Working data:
****************

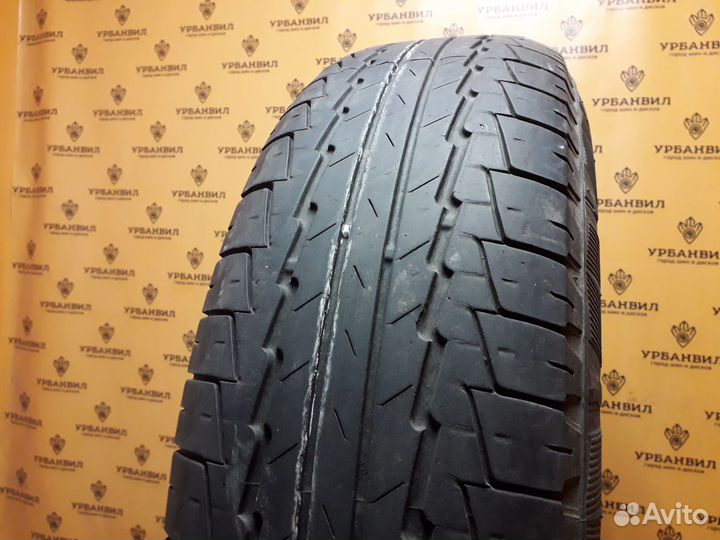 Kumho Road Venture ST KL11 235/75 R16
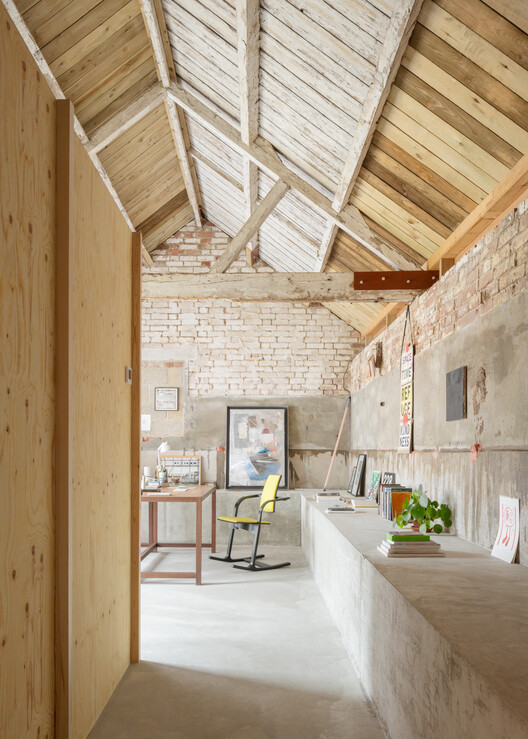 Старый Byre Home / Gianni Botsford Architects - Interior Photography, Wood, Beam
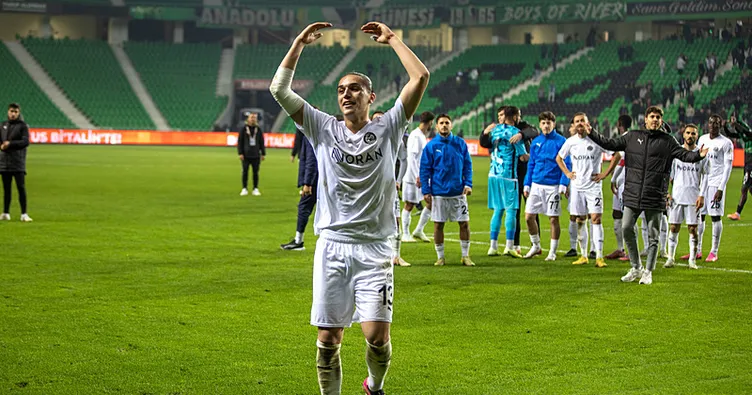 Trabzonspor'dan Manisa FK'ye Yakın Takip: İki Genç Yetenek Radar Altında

****************

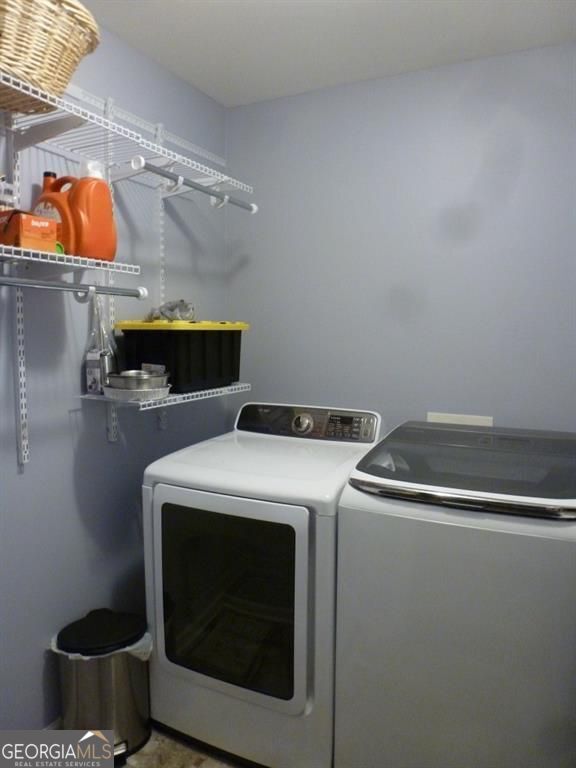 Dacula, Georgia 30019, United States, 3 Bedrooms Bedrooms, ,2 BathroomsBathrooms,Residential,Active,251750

****************

Problem statement: The lines above from the line with "Kumho Road Venture ST KL11 235/75 R16" through the line with "Trabzonspor'dan Manisa FK'ye" are to be given again word for word, with no pictures among them.

Solution to this exercise:
 Kumho Road Venture ST KL11 235/75 R16
 Старый Byre Home / Gianni Botsford Architects - Interior Photography, Wood, Beam
 Trabzonspor'dan Manisa FK'ye Yakın Takip: İki Genç Yetenek Radar Altında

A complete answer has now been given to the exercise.